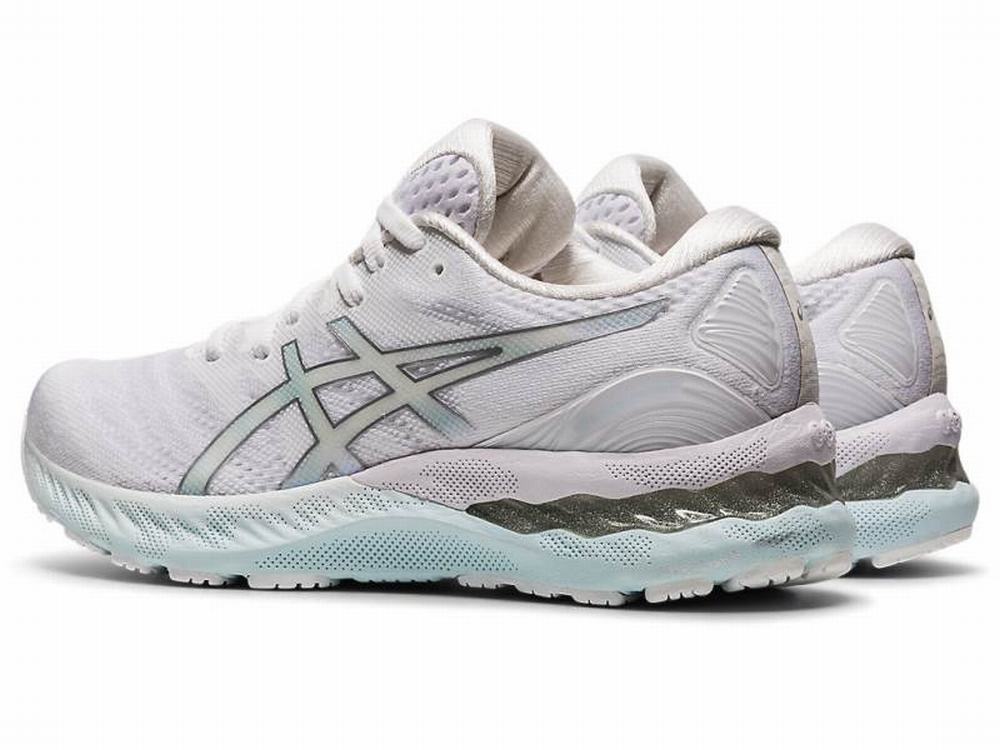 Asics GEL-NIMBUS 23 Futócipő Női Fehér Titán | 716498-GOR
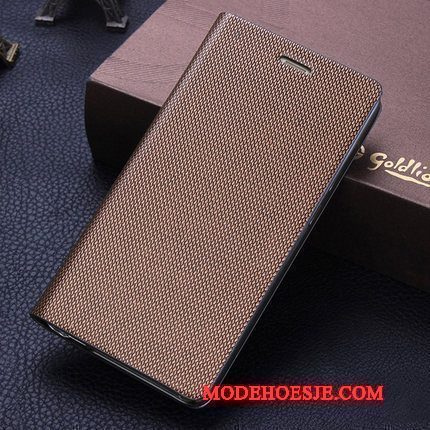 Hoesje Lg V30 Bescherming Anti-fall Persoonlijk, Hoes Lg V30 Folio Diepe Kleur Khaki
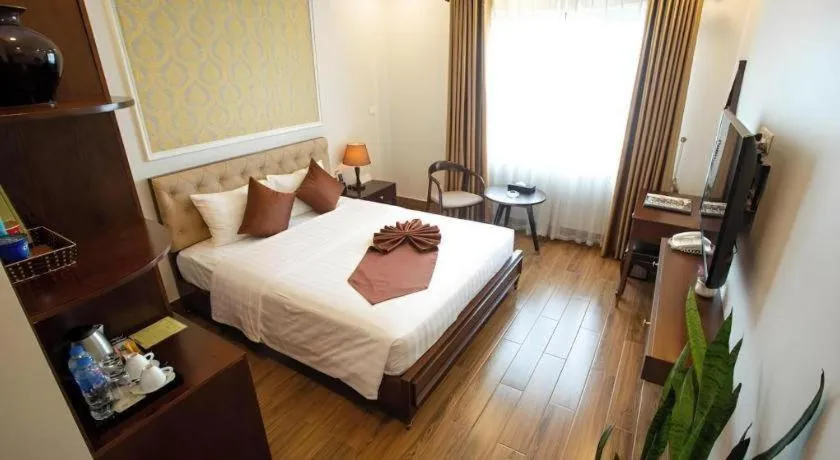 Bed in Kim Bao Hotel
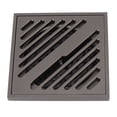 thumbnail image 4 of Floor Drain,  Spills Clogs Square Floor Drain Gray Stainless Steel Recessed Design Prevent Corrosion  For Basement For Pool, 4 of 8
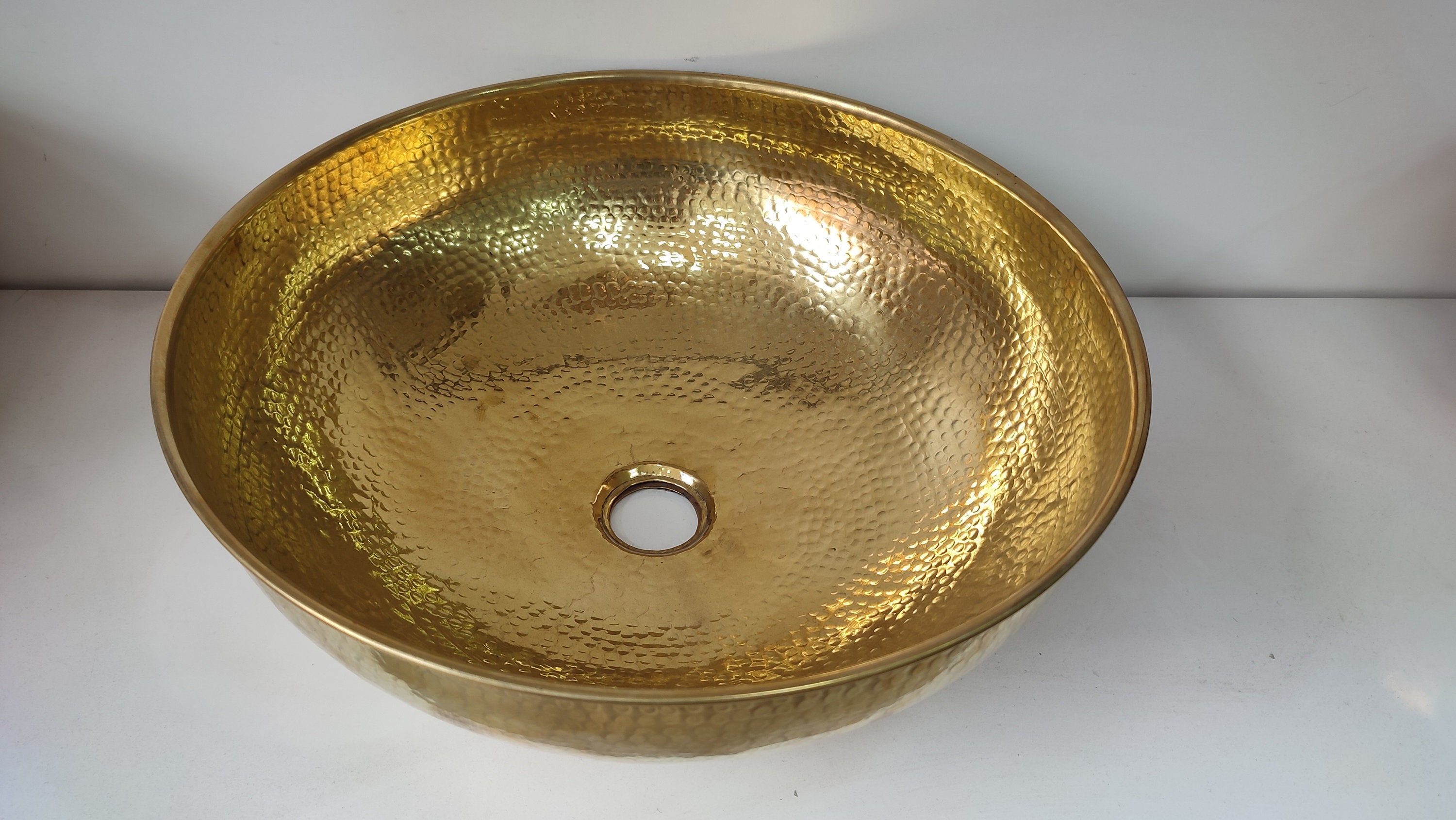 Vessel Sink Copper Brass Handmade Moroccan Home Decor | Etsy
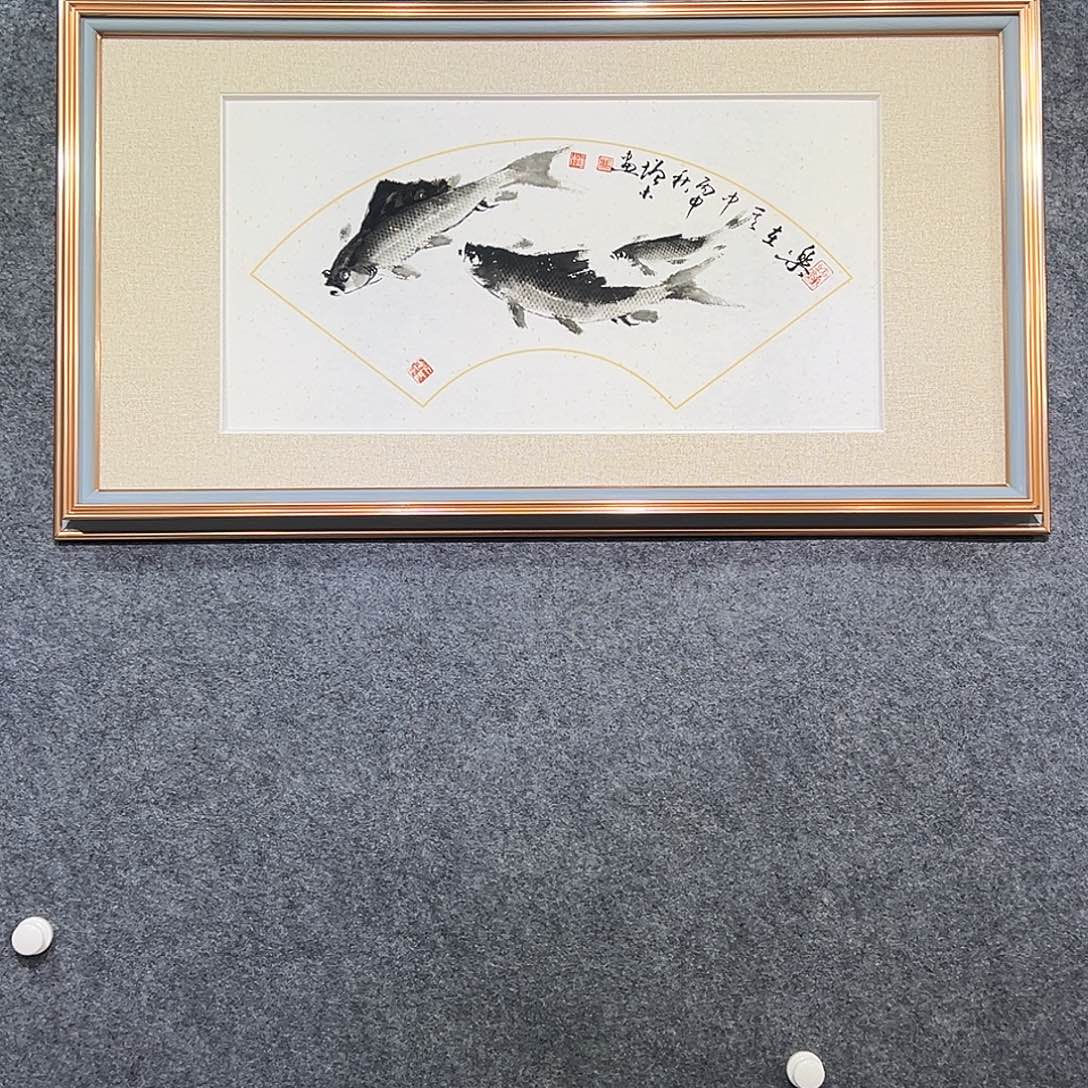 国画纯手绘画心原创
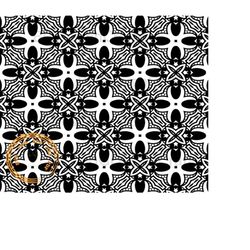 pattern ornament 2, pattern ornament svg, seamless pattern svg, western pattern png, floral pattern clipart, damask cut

» **Directions**:
Without including any images, output the data exactly as given.

» **Written solution**:
 Asics GEL-NIMBUS 23 Futócipő Női Fehér Titán | 716498-GOR
 Hoesje Lg V30 Bescherming Anti-fall Persoonlijk, Hoes Lg V30 Folio Diepe Kleur Khaki
 Bed in Kim Bao Hotel
 thumbnail image 4 of Floor Drain,  Spills Clogs Square Floor Drain Gray Stainless Steel Recessed Design Prevent Corrosion  For Basement For Pool, 4 of 8
 Vessel Sink Copper Brass Handmade Moroccan Home Decor | Etsy
 国画纯手绘画心原创
 pattern ornament 2, pattern ornament svg, seamless pattern svg, western pattern png, floral pattern clipart, damask cut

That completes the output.